Issues with the liveliness probe

I don’t see a lot of information about the liveliness of Waypoint. I feel that the issues that I’m running into are not actually Waypoint issues, but maybe someone can point me in the right direction.
I’m using Longhorn for my storage on a Rancher cluster if that matters. The Waypoint pod gets spun up just fine, but I get a liveliness probe error. I tried simply removing the liveliness probe, but because it’s a statefulset, I couldn’t do that.
Type Reason Age From Message
---- ------ ---- ---- -------
Warning FailedScheduling default-scheduler 0/3 nodes are available: 3 pod has unbound immediate PersistentVolumeClaims.
Warning FailedScheduling default-scheduler 0/3 nodes are available: 3 pod has unbound immediate PersistentVolumeClaims.
Normal Scheduled default-scheduler Successfully assigned default/waypoint-server-0 to longhorn3
Normal SuccessfulAttachVolume 84s attachdetach-controller AttachVolume.Attach succeeded for volume “pvc-76893e36-15cc-41f8-9b36-e64b1d1ea969”
Warning FailedMount 80s (x3 over 82s) kubelet, longhorn3 MountVolume.SetUp failed for volume “pvc-76893e36-15cc-41f8-9b36-e64b1d1ea969” : rpc error: code = InvalidArgument desc = There is no block device frontend for volume pvc-76893e36-15cc-41f8-9b36-e64b1d1ea969
Warning BackOff 52s (x2 over 53s) kubelet, longhorn3 Back-off restarting failed container
Normal Pulling 32s (x4 over 77s) kubelet, longhorn3 Pulling image “hashicorp/waypoint:latest”
Warning Unhealthy 32s (x3 over 72s) kubelet, longhorn3 Liveness probe failed: Get dial tcp connect: connection refused
Normal Killing 32s kubelet, longhorn3 Container server failed liveness probe, will be restarted
Normal Pulled 31s (x4 over 76s) kubelet, longhorn3 Successfully pulled image “hashicorp/waypoint:latest”
Normal Created 31s (x4 over 76s) kubelet, longhorn3 Created container server
Normal Started 31s (x4 over 75s) kubelet, longhorn3 Started container server

This seems to be pointing at the problem

Can you run other types of stateful sets?
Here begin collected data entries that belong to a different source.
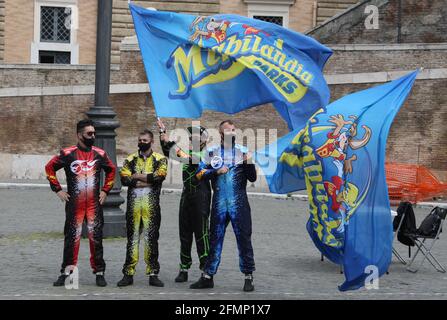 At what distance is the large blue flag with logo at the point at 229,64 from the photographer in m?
11.7

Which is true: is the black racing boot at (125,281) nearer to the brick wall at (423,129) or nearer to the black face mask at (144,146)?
the black face mask at (144,146)

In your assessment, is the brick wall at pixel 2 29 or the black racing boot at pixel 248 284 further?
the brick wall at pixel 2 29

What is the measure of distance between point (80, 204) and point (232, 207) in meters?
1.48

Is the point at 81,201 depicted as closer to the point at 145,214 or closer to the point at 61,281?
the point at 145,214

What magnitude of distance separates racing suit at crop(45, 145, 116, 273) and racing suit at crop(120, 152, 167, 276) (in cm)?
30

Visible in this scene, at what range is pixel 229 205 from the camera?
416 inches

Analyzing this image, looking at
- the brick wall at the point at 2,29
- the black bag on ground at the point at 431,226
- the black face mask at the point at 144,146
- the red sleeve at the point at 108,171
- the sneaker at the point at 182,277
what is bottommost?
the sneaker at the point at 182,277

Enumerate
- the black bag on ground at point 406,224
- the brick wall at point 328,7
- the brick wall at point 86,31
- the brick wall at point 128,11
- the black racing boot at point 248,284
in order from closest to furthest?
the black racing boot at point 248,284, the black bag on ground at point 406,224, the brick wall at point 128,11, the brick wall at point 86,31, the brick wall at point 328,7

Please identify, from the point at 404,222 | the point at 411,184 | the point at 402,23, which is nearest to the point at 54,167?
the point at 404,222

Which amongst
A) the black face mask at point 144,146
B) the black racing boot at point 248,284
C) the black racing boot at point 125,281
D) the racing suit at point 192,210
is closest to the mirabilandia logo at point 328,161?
the black racing boot at point 248,284

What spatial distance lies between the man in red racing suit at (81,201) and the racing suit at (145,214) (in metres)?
0.29

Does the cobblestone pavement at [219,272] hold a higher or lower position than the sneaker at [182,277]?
lower

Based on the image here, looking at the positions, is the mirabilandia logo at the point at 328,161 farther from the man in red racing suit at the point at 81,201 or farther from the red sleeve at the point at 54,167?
the red sleeve at the point at 54,167

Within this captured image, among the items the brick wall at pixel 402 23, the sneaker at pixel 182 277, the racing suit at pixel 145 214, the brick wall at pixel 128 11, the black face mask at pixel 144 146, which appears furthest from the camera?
the brick wall at pixel 128 11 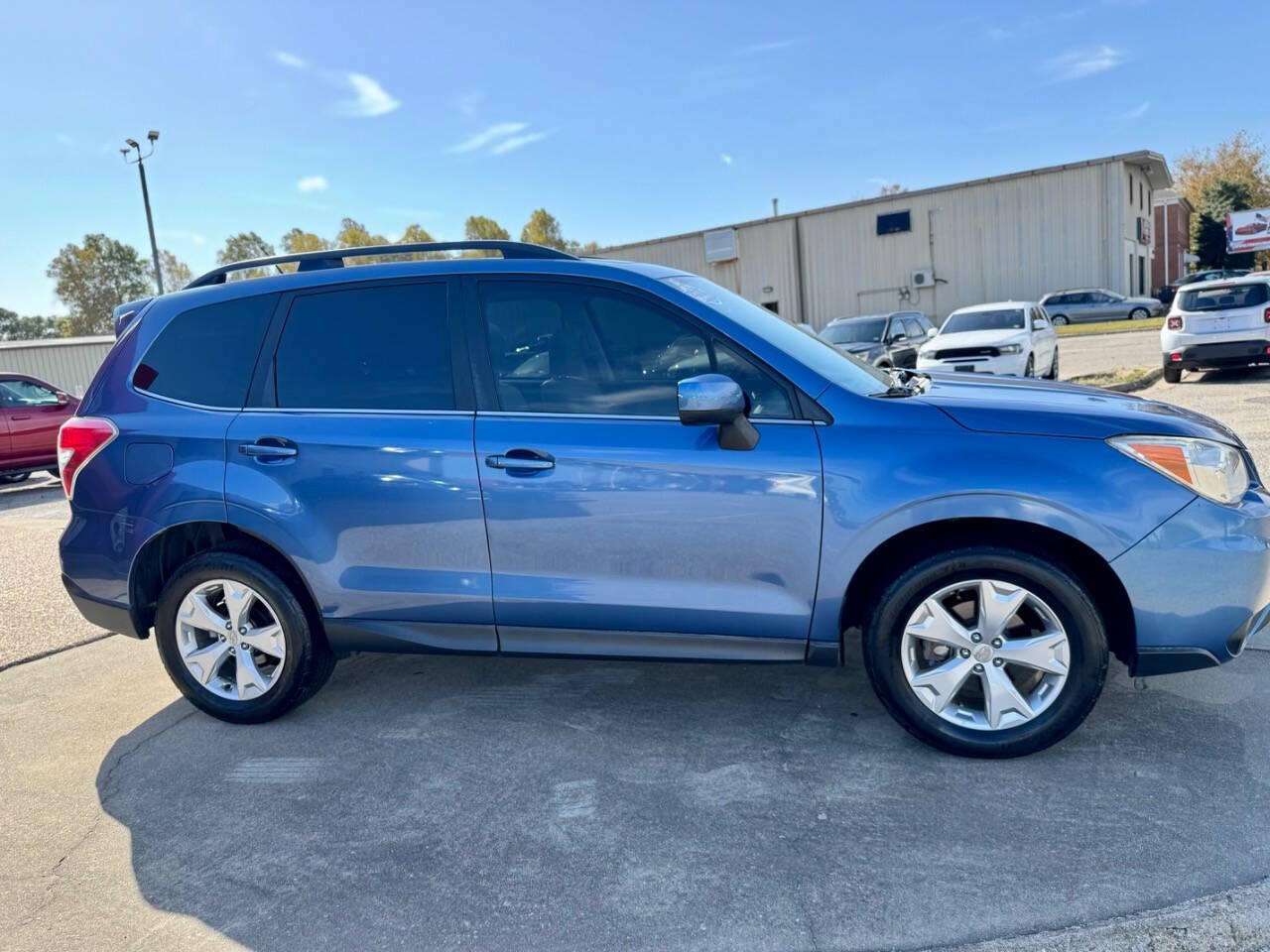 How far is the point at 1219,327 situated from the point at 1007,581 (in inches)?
500

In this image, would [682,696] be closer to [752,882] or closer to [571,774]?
[571,774]

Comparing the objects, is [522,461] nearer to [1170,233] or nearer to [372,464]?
[372,464]

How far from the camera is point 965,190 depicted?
35750mm

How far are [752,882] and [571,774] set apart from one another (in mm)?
914

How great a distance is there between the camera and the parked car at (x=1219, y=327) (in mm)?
13102

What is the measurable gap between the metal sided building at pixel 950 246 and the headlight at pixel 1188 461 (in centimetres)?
3268

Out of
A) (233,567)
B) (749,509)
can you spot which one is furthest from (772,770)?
(233,567)

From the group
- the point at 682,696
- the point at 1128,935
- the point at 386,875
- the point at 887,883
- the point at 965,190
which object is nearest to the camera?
the point at 1128,935

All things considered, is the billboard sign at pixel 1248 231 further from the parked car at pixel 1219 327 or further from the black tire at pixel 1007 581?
the black tire at pixel 1007 581

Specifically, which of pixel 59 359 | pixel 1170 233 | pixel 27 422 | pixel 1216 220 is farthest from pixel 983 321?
pixel 1170 233

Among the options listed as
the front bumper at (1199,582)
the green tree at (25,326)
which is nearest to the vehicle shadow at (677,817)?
the front bumper at (1199,582)

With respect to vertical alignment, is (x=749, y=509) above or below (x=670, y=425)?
below

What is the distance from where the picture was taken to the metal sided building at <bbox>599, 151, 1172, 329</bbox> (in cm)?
3384

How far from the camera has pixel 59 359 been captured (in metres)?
28.3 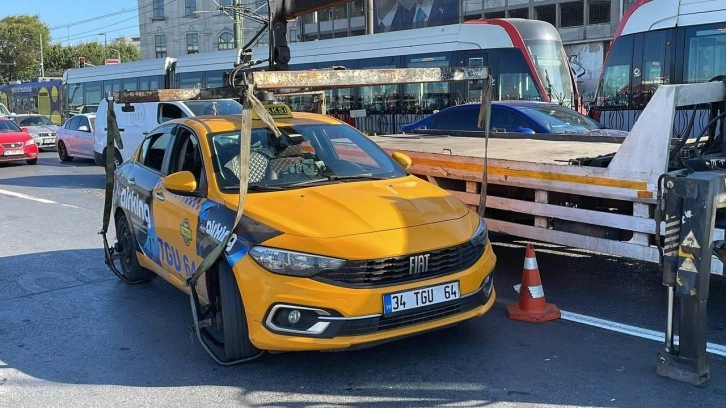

If you run waypoint install -platform=kubernetes -accept-tos -show-yaml it will show you the StatefulSet information used by Waypoint, which is very standard and request 1Gb of ReadWriteOnce PVC:

If you modify the StatefulSet to a Deployment I suspect this will work for you. The Waypoint Server will reset it’s data.db file every time the pod for the deployment restarts though. But if you’re ok with that for development purposes, then may work for you.

  1. kubectl apply -f DEPLOYMENTFROMGIST where deployment gist is here.
  2. waypoint server bootstrap -server-addr=[::]:9701 -server-tls-skip-verify
  3. waypoint context verify should work and you can use Waypoint as normal other than all state will be lost on pod restart.

That error is just something that looks like in error in Longhorn, but apparently isn’t a real error. So I’m not too worried about that one.

I get the same “Liveness probe failed: Get dial tcp connect: connection refused” on the kubectl apply -f waypoint.yaml where waypoint.yaml is the deployment from gist.
I didn’t even get a chance to run the waypoint context.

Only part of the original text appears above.